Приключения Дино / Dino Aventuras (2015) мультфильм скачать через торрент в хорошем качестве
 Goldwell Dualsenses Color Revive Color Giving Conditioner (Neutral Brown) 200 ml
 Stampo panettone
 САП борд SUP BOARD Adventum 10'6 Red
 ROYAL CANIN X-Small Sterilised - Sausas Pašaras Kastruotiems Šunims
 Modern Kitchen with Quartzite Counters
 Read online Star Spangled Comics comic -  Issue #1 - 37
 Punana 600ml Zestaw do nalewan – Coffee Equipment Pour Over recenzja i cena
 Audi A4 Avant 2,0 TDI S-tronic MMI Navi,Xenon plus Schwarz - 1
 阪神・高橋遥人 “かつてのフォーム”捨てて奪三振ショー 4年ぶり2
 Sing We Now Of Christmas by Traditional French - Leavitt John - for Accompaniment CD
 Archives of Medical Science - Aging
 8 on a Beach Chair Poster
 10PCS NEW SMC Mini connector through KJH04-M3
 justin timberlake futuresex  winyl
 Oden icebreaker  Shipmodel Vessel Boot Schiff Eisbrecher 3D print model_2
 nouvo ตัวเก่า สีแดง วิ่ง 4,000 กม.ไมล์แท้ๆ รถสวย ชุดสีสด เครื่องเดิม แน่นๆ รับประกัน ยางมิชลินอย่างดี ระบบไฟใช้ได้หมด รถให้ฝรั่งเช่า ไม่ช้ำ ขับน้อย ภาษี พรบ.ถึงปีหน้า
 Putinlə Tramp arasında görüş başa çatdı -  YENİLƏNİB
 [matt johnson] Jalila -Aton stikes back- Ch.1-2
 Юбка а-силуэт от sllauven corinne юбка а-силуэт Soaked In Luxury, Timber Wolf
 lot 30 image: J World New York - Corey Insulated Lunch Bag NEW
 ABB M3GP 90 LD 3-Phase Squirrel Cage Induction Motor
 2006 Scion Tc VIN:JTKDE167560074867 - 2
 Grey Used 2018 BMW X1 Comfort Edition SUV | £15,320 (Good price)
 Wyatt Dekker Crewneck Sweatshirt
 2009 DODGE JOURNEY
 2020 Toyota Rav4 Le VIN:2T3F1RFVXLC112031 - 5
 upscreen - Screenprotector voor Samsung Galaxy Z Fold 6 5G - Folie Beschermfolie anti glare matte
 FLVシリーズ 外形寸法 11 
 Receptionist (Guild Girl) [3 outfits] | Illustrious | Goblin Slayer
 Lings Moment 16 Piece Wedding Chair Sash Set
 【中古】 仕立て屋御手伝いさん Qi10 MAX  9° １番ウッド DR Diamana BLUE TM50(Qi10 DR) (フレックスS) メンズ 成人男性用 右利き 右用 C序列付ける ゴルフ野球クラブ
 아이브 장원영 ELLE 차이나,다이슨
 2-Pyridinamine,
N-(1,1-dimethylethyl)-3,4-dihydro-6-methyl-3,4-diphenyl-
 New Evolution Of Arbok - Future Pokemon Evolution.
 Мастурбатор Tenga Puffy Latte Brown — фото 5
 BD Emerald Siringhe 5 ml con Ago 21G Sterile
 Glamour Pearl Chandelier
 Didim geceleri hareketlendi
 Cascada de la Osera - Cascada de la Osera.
-=-=-
» **Exercise aim**: Provide the number of lines above in which the word "Chair" appears, with no further words.

» **Reply to the task**: 2